[Items from a dataset]

|---|

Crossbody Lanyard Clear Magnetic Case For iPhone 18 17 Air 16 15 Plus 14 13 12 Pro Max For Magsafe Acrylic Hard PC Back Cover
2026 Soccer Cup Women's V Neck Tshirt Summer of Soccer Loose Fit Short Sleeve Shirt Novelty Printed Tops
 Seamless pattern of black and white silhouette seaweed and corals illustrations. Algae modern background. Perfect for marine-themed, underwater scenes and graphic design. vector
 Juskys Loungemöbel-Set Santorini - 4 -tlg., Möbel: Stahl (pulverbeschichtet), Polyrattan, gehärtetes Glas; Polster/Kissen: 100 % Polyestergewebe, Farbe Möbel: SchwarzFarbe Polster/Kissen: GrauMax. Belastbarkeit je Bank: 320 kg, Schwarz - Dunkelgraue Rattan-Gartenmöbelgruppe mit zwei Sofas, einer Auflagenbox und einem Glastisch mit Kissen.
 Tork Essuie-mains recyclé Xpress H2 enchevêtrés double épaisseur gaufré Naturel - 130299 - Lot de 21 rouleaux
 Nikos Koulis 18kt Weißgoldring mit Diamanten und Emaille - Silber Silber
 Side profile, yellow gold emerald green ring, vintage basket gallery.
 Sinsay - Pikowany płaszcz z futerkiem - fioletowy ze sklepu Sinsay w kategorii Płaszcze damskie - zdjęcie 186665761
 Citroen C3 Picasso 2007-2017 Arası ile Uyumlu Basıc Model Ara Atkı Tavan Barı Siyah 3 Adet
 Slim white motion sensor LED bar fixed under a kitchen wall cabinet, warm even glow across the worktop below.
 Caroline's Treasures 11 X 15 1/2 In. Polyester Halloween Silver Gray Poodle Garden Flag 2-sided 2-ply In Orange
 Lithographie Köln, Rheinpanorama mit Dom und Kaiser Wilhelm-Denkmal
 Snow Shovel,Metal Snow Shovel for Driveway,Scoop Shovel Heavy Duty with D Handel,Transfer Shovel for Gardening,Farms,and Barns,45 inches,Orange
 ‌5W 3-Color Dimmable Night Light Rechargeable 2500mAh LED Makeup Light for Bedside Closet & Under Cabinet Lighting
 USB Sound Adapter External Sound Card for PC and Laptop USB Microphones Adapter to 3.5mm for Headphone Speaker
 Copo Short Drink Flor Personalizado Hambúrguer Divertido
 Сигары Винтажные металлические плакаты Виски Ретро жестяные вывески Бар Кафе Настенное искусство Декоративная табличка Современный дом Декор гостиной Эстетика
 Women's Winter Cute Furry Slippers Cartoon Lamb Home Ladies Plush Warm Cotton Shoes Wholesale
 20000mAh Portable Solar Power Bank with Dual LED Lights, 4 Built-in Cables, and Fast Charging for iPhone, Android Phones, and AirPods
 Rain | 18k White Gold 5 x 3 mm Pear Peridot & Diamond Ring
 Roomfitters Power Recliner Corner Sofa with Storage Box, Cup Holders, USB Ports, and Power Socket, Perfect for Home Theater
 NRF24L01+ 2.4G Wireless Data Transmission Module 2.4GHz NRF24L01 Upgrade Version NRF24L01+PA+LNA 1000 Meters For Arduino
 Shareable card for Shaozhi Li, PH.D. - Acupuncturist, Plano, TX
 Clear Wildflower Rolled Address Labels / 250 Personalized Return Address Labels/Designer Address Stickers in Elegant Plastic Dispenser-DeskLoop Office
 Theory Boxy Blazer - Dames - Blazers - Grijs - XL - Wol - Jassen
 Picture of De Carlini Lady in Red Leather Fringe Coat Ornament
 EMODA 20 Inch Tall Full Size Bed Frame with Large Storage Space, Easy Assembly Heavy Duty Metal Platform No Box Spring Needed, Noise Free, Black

|---|

Above are the records; restate each one exactly.

Crossbody Lanyard Clear Magnetic Case For iPhone 18 17 Air 16 15 Plus 14 13 12 Pro Max For Magsafe Acrylic Hard PC Back Cover
2026 Soccer Cup Women's V Neck Tshirt Summer of Soccer Loose Fit Short Sleeve Shirt Novelty Printed Tops
 Seamless pattern of black and white silhouette seaweed and corals illustrations. Algae modern background. Perfect for marine-themed, underwater scenes and graphic design. vector
 Juskys Loungemöbel-Set Santorini - 4 -tlg., Möbel: Stahl (pulverbeschichtet), Polyrattan, gehärtetes Glas; Polster/Kissen: 100 % Polyestergewebe, Farbe Möbel: SchwarzFarbe Polster/Kissen: GrauMax. Belastbarkeit je Bank: 320 kg, Schwarz - Dunkelgraue Rattan-Gartenmöbelgruppe mit zwei Sofas, einer Auflagenbox und einem Glastisch mit Kissen.
 Tork Essuie-mains recyclé Xpress H2 enchevêtrés double épaisseur gaufré Naturel - 130299 - Lot de 21 rouleaux
 Nikos Koulis 18kt Weißgoldring mit Diamanten und Emaille - Silber Silber
 Side profile, yellow gold emerald green ring, vintage basket gallery.
 Sinsay - Pikowany płaszcz z futerkiem - fioletowy ze sklepu Sinsay w kategorii Płaszcze damskie - zdjęcie 186665761
 Citroen C3 Picasso 2007-2017 Arası ile Uyumlu Basıc Model Ara Atkı Tavan Barı Siyah 3 Adet
 Slim white motion sensor LED bar fixed under a kitchen wall cabinet, warm even glow across the worktop below.
 Caroline's Treasures 11 X 15 1/2 In. Polyester Halloween Silver Gray Poodle Garden Flag 2-sided 2-ply In Orange
 Lithographie Köln, Rheinpanorama mit Dom und Kaiser Wilhelm-Denkmal
 Snow Shovel,Metal Snow Shovel for Driveway,Scoop Shovel Heavy Duty with D Handel,Transfer Shovel for Gardening,Farms,and Barns,45 inches,Orange
 ‌5W 3-Color Dimmable Night Light Rechargeable 2500mAh LED Makeup Light for Bedside Closet & Under Cabinet Lighting
 USB Sound Adapter External Sound Card for PC and Laptop USB Microphones Adapter to 3.5mm for Headphone Speaker
 Copo Short Drink Flor Personalizado Hambúrguer Divertido
 Сигары Винтажные металлические плакаты Виски Ретро жестяные вывески Бар Кафе Настенное искусство Декоративная табличка Современный дом Декор гостиной Эстетика
 Women's Winter Cute Furry Slippers Cartoon Lamb Home Ladies Plush Warm Cotton Shoes Wholesale
 20000mAh Portable Solar Power Bank with Dual LED Lights, 4 Built-in Cables, and Fast Charging for iPhone, Android Phones, and AirPods
 Rain | 18k White Gold 5 x 3 mm Pear Peridot & Diamond Ring
 Roomfitters Power Recliner Corner Sofa with Storage Box, Cup Holders, USB Ports, and Power Socket, Perfect for Home Theater
 NRF24L01+ 2.4G Wireless Data Transmission Module 2.4GHz NRF24L01 Upgrade Version NRF24L01+PA+LNA 1000 Meters For Arduino
 Shareable card for Shaozhi Li, PH.D. - Acupuncturist, Plano, TX
 Clear Wildflower Rolled Address Labels / 250 Personalized Return Address Labels/Designer Address Stickers in Elegant Plastic Dispenser-DeskLoop Office
 Theory Boxy Blazer - Dames - Blazers - Grijs - XL - Wol - Jassen
 Picture of De Carlini Lady in Red Leather Fringe Coat Ornament
 EMODA 20 Inch Tall Full Size Bed Frame with Large Storage Space, Easy Assembly Heavy Duty Metal Platform No Box Spring Needed, Noise Free, Black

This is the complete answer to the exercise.